What is a slashbait? Basically, it's the minnowbait family, which includes floating minnows, both jointed and straight, like the classic Rapalas and Rebels. It also includes suspending jerkbaits like the Smithwick Rogue, and sinking minnows like the CountDown Rapala. When prodigious trout want meat in rivers, slashbaits produce mammoth, rod buckling strikes like nothing else in your vest, with the possible exception of a streamer presented with a fly-rod.

Resident river trout are wary. Steelhead and big brown trout that run rivers that pour into big lakes spend most of their lives suspended over deep water or cruising shallow structure to forage among prolific bands of alewives, smelt, ciscoes, emerald shiners, and other open-water baitfish, constantly cruising, constantly eating. These predators roll inland to spawn, sometimes just to forage, once or twice a year. Resident trout become meals, unless they've acquired a size that spares them such a fate. At any rate, it's all happening right now.

During a spawning run, steelhead are notoriously temperate, even ascetic, about their diet. As spawning time grows near (late winter or spring), steelhead feed less often. But when lake-run rainbows first enter the river, they remain in cruise-and-eat mode, especially if the spawn is a long way off. Old habits are hard to break, but recent habits are even harder. The beginning of a spawning run is the best time to fish for steelhead with hardware (spinners and spoons), or with slashbaits.

Brown trout spawn in fall, but the Seeforellens—a recent introduction from Bavaria—spawn even later than the domestic browns that have populated the Great Lakes for over 120 years.
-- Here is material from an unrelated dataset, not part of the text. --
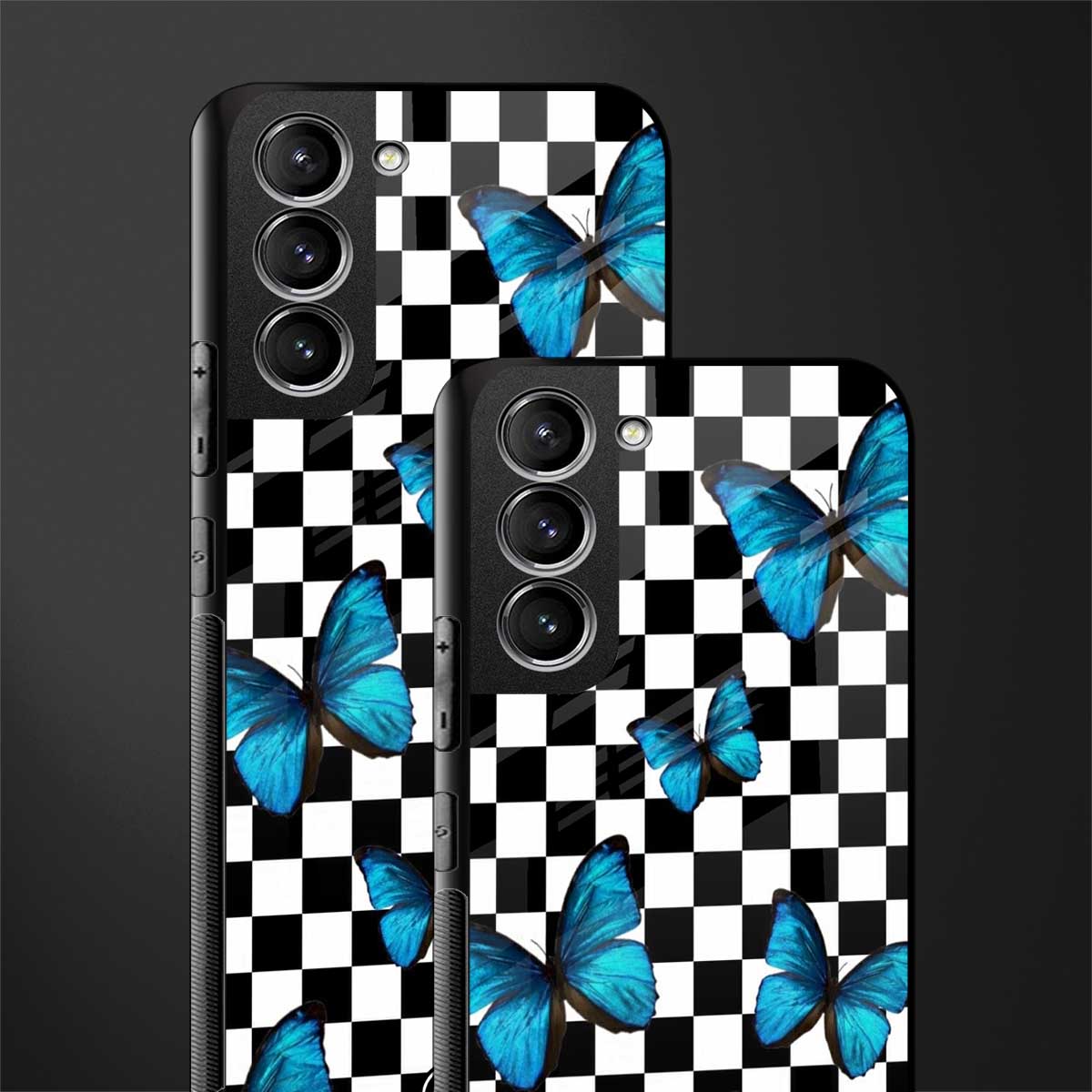 gimme butterflies glass case for samsung galaxy s21 image-2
Some browns spawn along the shorelines of the Great Lakes, but Seeforellens and others run up rivers and streams to spawn. Domestics tend to spawn in October and into November, farther south in January and February. Seeforellens tend to spawn from November through December.

Giant lake browns, fish weighing 20 to 35 pounds, tend to be even more susceptible to slashbait presentations than steelhead. They didn't get that big by eating mayflies, and they make foraging runs up rivers in spring, looking for meat. River browns are a bit more wary, but the same rules apply. Big browns are carnivores by necessity, whether they live in the White River of Arkansas or the Niagara River on the Canadian border.

Slashbait Particulars

The classic Rapala and other floating minnowbaits have, by now, caught untold millions of steelhead and brown trout in lakes and rivers across North America. During the back-and-forth chase for world-record browns between Flaming Gorge and Lake Michigan in the 1970s, every serious contestant pulled minnowbaits, and almost every contending scale buster was taken on one. The fact that the current world-record brown wasn't taken on a minnowbait is more of an anomaly than a trend. The record fish ate a tiny marabou jig. A 40-pounder is much more likely to inhale something the size of your hand, though, than a dainty little tidbit throughout most of the year.

Steelhead and brown trout have excellent visual acuity. They spook easily. The appeal of minnowbaits has everything to do with what's natural and what isn't. Minnowbaits have the right profile, a shape so reminiscent of natural forage that almost everything that swims in all the various environments trout inhabit has something in common with minnowbaits. Compared to a real shiner or smelt, the profile is right on the money.

The action, however, is slightly labored, compared to a healthy specimen. That represents, perhaps, the most critical aspect of the appeal that minnowbaits exert on big trout. A natural but labored swimming action suggests distress. Wounded, sick, or dying baitfish create added vibration when swimming. Big browns and steelhead automatically hone in on these vibrations. Hunting instincts take over. Those vibrations send signals that trout translate as: easier target—less energy expended for the same amount of energy gained.

Recommended


In rivers and streams, this becomes increasingly important. Big trout already expend more energy than they normally would, simply by negotiating current. Rivers tend to be murkier than most trout lakes and reservoirs, and finding food is especially difficult during high-water periods. Vibration and flash call them in, and the roll of a good slashbait sends flash in most directions around it. The cloudier the water, the brighter the lure should be. Metallic finishes shine more ways than one in these conditions.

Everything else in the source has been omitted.